Mutlu’s musical journey has included a long standing collaboration with singer/songwriter Amos Lee and sharing the same stages as marquee performers like Joe Jackson, Shuggie Otis, Katy Perry, Todd Rundgren, and the Blind Boys of Alabama among many others. It’s the seven songs on his new album Good Trouble bringing us here today, however, and the first generation American of Turkish descent proves he can more than stand in the company of those aforementioned performers. He’s garnered a lot of attention for his numerous appearances on Daryl Hall’s popular “Live at Daryl’s House” program and has toured often with Hall and Oates as a support act for their live shows. Mutlu has trod the boards in some of the most renowned venues throughout the United States and overseas like Los Angeles’ Greek Theatre, Philadelphia’s Tower Theatre, and the Royal Festival Hall in London. It is as sure of an indication as any of the respect and popularity he commands as both a performer and songwriter.

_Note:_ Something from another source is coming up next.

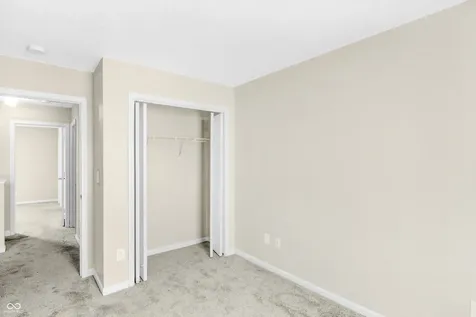 5234 Melbourne Road Indianapolis IN 46228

“Lifeline” packs quite a wallop without ever steamrolling listeners. The majority of the wallop comes from the percussion – it is a mix of straight forward drumming and handclaps, though it is difficult to tell if the handclaps are generated by keyboards or live. It doesn’t really matter however – the percussion is quite unlike anything else you’ll hear on the album. I noticed, in retrospect, this is one of the few tracks on the album that are strictly acoustic and feature no electric guitar embellishments, but it doesn’t affect the quality in any way.
He takes another direction with the track “Not Escapable” and invokes a reggae sound through surprising instrumental means. Despite the notable instrumental variations from typical reggae tunes, the song is successful and benefits a lot from the insistent percussive song defining the performance. Mutlu takes another stylistic turn with the song “95 to 5” by including a wah wah guitar instrumental break in the song’s second half that might have sounded out of place in the hands of a lesser songwriting but, instead, really leaves a mark on the song that lingers with listeners. The multi tracked vocals, especially during the scat singing sections, are effective and focus the on the mainstream potential the song holds for listeners.
John Oates makes a guest appearance on the soul tune “Nothing in This Whole Wide World” helps send it over the top vocally but Mutlu’s own singing performance is far from shabby. It may take on time-tested subject matter, but Mutlu has such a signature style that he makes the subject sound like something new and the arrangement has the same smooth passion we hear in the earlier songs. The final curtain for Good Trouble falls with the performance of “Oh My Girl” and there’s another precise and well played electric guitar break in this song that helps elevate it to the album’s final special moments. There are many such moments on Mutlu’s latest album and there’s undoubtedly more to come from this prodigiously talented performer.